For Jobs Data, Textkernel’s real-time database for labor market analysis, we crawl the web for online job ads. Of course, ensuring the high quality of this database raises many technical challenges. One of them is the detecting duplicates of job ads. In this blog post we explain how Textkernel solves this problem.
The average online job posting has many duplicates
When you work with large volumes of web data, sooner or later you encounter the problem of duplicate content. Many web pages are not unique: a Google paper suggests that around 30% of web pages are near-duplicates.
In Jobs Data, where we spider online job ads in eight countries, this issue is even more prominent: we found out that an average job ad is reposted 2 to 5 times (depending on the country), which makes the fraction of duplicates as high as 50–80%. This is not surprising: companies advertise their jobs as widely as possible to attract more good applicants: on corporate sites, on general and specialized job boards, via staffing agencies, etc. This makes identifying and grouping duplicate ads an essential step in our data processing.
Near-duplicate jobs ads are rarely identical: when posting an ad on a different site, text is often restructured, shortened or extended and metadata is often changed to match the site’s data model. Consider two postings of the the same job shown below:
Efficient methods for finding similar web pages are almost as old as the web itself: a seminal paper Syntactic clustering of the web by A. Broder et al. appeared in 1997. In Jobs Data we use a classic approach based on shingling and min-wise permutations.

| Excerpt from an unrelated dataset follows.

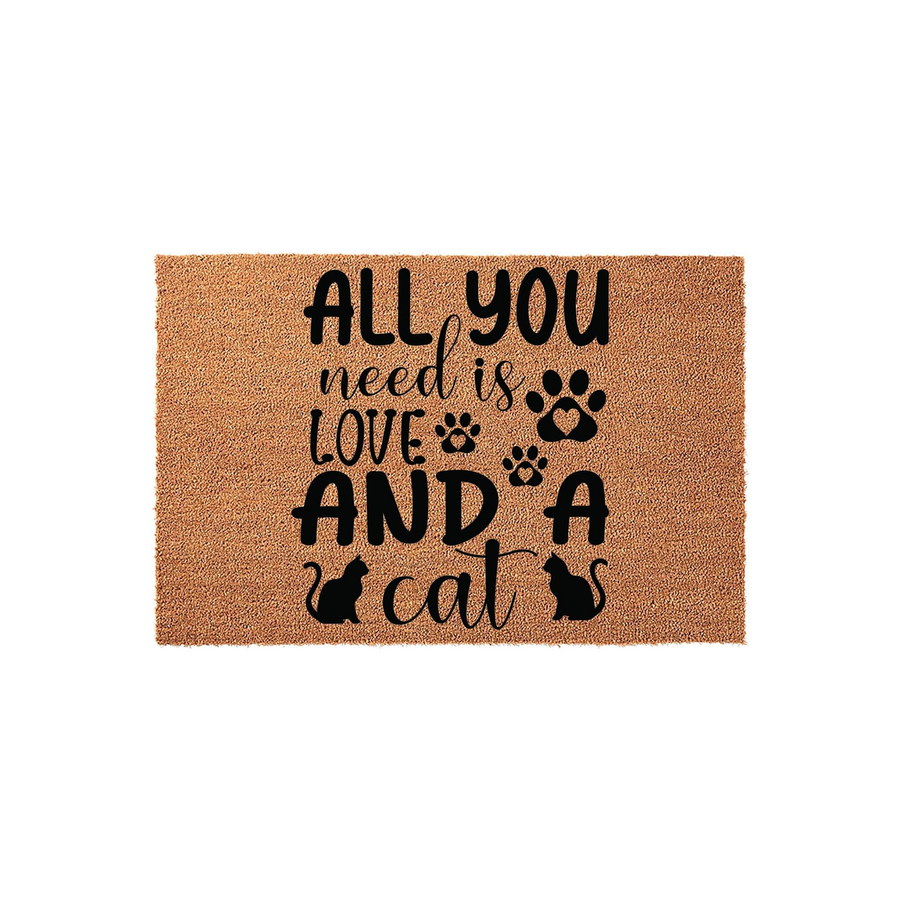 Cat Lover Coir Doormat featuring the text All You Need Is Love And A Cat in black lettering, accented with paw prints and cat silhouettes on a natural tan textured fiber background, perfect for a pet owner's front porch entryway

As we show below, a relatively simple implementation can easily deal with tens of millions of documents. For datasets with billions of documents, a more sophisticated implementation and/or a different method is needed: see the blog post Near-Duplicate Detection for an overview and the paper Detecting Near-Duplicates for Web Crawling for details. With shingling, we convert every text document into a set of all sequences (shingles) of consecutive words as they occur in the document.
For example, if we consider 6-word sequences for the text “Well established and respected Law Office in Downtown Bakersfield is in need of a temporary Legal Assistant …”, the shingles will include:
– “Well established and respected Law Office”
– “established and respected Law Office in”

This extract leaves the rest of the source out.